Far from simple

What the hell are we to make of Hal Hartley’s “Simple Men” (1992)? The dialogue is so overtly written that one questions whether it consists entirely of literary quotations (à la Jean-Luc Godard’s “Nouvelle vague” [1990]); the performances are so intensely mannered and stylized that one questions whether Hartley didn’t shack up with a bunch of Brecht plays before determining how he wanted his film to move and sound; the soundtrack is so repetitive, bland and yet weirdly clingy that one questions whether one is losing one’s mind as one succumbs to the film’s absurdist brand of logic sometime during its second half.

Hartley is quite self-conscious when evoking the aforementioned JLG; indeed, the specter of Godard (himself far from dead) looms over every single sequence in “Simple Men.” Perhaps it’s a testament to the film’s third-hand uniqueness and derivative originality that it more closely resembles Godard’s sublime 80s output than it does his more widely-recognized 60s streak (“Breathless” [1959] through “Le gai savoir” [1968]).

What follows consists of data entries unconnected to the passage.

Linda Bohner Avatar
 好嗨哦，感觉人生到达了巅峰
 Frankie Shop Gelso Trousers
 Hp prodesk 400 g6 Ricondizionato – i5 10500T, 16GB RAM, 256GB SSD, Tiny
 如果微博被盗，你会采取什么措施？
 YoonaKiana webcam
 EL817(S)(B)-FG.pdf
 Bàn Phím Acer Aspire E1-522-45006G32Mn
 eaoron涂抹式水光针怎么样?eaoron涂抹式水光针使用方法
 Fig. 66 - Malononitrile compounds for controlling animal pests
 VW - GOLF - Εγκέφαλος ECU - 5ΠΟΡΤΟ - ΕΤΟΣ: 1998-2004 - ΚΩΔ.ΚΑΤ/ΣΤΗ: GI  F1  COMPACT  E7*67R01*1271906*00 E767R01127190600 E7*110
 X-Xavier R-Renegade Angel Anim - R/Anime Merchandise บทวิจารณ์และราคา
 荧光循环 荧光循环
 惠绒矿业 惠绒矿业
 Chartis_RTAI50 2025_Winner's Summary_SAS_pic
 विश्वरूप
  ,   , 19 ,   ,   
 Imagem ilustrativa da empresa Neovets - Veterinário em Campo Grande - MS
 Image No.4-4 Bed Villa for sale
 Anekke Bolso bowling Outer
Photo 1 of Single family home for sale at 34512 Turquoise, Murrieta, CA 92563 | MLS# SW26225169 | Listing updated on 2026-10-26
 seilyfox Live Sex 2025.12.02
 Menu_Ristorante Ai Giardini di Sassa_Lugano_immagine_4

The film’s characters might be machines built to spew pith and poetry, but “Simple Men” is also marked by an incredibly delicate sensibility manifested through its thoroughly Godardian mise en scène; whereas another director might’ve been more concerned with the swagger of his actors or their fidelity to the spirit of the letter when delivering lines (I’m looking at you, Tarantino), Hartley demonstrates his—once more with feeling—Godardian reverence for the aesthetic excess of the image and the purity of the artificial moment.

The film’s plot is, of course, nonsensical.  The hairstyles, the clothes and the soundtrack (featuring Sonic Youth’s “Kool Thing”) are all overwhelmingly 90s. By the time that I made it to the second half of “Simple Men,” I found myself even more engaged with its system of big moments and tiny details than I’ve been with some of the gorgeous but inflexible Godard efforts from the same period.